The correlation between vectors of \(x_1 \) and \(x_2 \) parameters for the total design of 100 test points is 0.18, which is still an acceptable value for the correlation term, i.e. within the [\(-\)0.3 0.3] limit suggested by Steinberg and Lin (2006). Figure 14 illustrates the convergence plot in terms of fitness for the augmented MB–MV algorithm, showing that the augmented search algorithm is smoothly converged to the optimum solution.

Example 3

40 MV DoE test points with 1 boundary constraint \(g(x)=x_2 -x_1 -1\le 0\), where \(x_1\) and \(x_2 \in [-1\ 1]\).

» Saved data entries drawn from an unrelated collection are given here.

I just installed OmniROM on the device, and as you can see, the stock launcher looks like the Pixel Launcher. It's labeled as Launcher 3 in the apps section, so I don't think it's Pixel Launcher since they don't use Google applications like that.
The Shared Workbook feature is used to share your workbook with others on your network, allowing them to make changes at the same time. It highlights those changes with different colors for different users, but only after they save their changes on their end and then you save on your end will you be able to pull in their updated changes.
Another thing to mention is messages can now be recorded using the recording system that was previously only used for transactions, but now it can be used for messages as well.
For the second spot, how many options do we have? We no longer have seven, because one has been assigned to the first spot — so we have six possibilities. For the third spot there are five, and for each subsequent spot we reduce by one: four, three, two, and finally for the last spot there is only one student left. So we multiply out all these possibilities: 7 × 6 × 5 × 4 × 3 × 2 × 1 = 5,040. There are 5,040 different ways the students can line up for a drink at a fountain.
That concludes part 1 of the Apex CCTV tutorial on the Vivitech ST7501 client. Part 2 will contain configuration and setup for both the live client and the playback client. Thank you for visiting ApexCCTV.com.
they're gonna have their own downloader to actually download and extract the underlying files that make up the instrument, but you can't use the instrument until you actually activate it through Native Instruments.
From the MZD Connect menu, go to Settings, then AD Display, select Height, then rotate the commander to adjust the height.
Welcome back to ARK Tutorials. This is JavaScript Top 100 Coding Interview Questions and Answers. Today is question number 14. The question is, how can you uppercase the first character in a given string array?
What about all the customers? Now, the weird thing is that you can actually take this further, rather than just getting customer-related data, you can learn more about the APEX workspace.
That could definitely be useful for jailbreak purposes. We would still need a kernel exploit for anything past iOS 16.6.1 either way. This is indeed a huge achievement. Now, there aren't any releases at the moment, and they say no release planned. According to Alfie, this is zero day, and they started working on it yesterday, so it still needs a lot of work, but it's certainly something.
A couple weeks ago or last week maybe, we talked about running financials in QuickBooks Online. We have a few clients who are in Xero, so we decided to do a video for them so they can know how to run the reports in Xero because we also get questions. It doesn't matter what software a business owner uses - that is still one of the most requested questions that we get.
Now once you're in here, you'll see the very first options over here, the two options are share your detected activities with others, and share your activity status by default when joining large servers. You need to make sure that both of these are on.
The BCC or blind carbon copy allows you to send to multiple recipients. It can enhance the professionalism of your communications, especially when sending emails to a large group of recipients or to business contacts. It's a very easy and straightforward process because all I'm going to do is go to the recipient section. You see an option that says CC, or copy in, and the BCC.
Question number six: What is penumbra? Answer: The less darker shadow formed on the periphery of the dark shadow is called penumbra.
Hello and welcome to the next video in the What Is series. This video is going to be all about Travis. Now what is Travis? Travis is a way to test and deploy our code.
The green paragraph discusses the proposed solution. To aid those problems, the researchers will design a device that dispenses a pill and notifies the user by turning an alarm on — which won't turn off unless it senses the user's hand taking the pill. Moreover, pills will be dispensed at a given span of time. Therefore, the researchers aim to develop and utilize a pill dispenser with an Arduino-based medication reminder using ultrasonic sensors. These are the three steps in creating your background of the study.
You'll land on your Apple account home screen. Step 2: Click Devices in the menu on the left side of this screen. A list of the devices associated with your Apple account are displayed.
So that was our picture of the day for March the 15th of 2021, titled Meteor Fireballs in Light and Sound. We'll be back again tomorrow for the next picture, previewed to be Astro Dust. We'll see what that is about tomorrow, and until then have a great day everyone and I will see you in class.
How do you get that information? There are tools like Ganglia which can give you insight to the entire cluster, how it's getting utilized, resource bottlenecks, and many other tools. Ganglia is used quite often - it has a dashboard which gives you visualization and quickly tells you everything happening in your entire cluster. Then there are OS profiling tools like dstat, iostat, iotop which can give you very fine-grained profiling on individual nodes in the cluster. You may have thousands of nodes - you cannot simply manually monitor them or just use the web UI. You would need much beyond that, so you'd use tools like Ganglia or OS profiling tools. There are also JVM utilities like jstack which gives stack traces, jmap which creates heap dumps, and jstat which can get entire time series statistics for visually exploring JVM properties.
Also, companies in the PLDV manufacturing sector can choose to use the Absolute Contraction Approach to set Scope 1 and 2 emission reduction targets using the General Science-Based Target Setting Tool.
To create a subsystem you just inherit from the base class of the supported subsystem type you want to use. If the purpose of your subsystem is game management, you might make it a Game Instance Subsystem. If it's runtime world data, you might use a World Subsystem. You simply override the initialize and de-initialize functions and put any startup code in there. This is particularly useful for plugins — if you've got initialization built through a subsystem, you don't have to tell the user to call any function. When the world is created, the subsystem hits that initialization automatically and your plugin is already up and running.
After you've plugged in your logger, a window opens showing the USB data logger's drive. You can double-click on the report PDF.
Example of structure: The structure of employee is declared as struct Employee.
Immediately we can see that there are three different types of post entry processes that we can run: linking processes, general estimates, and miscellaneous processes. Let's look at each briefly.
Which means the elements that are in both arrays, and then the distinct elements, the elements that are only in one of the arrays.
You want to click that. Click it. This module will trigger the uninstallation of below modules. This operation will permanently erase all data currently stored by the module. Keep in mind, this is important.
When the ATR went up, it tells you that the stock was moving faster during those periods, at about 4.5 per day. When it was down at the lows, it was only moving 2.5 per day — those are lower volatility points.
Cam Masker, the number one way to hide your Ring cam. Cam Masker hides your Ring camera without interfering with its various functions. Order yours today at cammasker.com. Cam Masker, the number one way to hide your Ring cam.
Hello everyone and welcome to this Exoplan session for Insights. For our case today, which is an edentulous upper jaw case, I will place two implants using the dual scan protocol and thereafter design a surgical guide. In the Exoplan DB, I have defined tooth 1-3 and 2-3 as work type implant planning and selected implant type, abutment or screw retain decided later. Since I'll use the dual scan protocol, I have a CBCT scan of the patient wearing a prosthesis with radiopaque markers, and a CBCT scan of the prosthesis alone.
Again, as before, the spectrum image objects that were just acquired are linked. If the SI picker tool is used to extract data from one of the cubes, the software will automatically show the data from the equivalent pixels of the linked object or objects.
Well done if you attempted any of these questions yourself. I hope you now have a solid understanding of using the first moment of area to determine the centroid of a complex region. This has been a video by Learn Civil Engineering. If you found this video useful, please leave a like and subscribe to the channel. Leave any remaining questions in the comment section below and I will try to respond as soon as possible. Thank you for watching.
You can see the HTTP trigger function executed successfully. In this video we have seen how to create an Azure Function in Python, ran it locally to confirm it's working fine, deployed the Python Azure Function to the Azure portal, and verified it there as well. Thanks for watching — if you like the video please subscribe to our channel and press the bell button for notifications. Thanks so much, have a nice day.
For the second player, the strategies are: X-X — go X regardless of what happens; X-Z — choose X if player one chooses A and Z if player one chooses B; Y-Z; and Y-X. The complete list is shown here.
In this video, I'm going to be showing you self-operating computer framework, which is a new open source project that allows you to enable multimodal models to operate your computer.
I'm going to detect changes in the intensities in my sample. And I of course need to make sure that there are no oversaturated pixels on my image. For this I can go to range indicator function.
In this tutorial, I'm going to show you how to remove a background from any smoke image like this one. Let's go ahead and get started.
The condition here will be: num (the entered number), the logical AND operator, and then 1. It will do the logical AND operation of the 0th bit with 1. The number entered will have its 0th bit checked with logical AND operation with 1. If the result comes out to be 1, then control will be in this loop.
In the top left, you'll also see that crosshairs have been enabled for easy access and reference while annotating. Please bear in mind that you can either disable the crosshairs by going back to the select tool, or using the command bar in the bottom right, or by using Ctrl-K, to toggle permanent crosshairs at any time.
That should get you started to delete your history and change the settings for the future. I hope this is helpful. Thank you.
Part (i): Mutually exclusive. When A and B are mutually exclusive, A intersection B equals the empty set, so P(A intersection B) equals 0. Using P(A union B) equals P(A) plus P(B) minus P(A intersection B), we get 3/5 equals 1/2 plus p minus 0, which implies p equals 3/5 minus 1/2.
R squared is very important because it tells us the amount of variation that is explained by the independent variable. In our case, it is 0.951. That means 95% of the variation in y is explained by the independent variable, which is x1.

In this example, an asymmetric design space was considered, i.e. linearly constrained by the inequality constraint \(g( x)=x_2 -x_1 \le 1\). The augmented infill PermGA algorithm, with the fitness function given in Eq. (3), including an adaptive penalty function was used to generate the 40 infill MV test points, as illustrated in Fig. 15. The PermGA algorithm was run with ‘Population Size’ 200; ‘Crossover Rate’ 0.8, ‘Mutation Rate’ 0.05, and ‘Elite size’ 5.

Fig. 14
figure 14

Convergence plot for PermGA

Fig. 15
figure 15

MB–MV Sequence for asymmetric design space

In Fig. 15, the red lines show the feasible design space for the MV DoE sequence. The space-filling uniformity for the MB–MV OLH DoE points in the constrained design space is illustrated in Fig. 16, based on the Euclidean distance to the nearest test point. This figure shows that the infill points are distributed within the constrained design space, with a mean of 0.074 and standard deviation of 0.018. The correlation between vectors of \(x_1 \) and \(x_2 \) parameters for the total design of 100 test points is 0.13, which is an acceptable value for the correlation term.

Fig. 16
figure 16

Euclidean minimum distance for MB–MV test points

Figure 17 illustrates the convergence plot in terms of fitness for the augmented MB–MV algorithm, showing that the augmented search algorithm is converged to the optimum solution. The figure shows that the fitness value has increased for 6 iterations as the GA population with the best fitness value (i.e. the solution of the GA process at each iteration) could not meet the inequality constraint. In effect, the increase in the fitness value was due to the sequentially increasing penalty term. Then, from the 6th iteration onwards the best population was within the linearly constrained design space; thus, the fitness value was decreased significantly since no penalty term was applied.

Fig. 17
figure 17

Convergence plot for PermGA

Example 4

40 MV DoE test points with 2 boundary constraints, \(g_1 ( x)=x_2 -x_1 -1\le 0\) and \(g_2 ( x)=x_1 -x_2 -1\le 0\), where \(x_1\) and \(x_2 \in [-1\ 1]\).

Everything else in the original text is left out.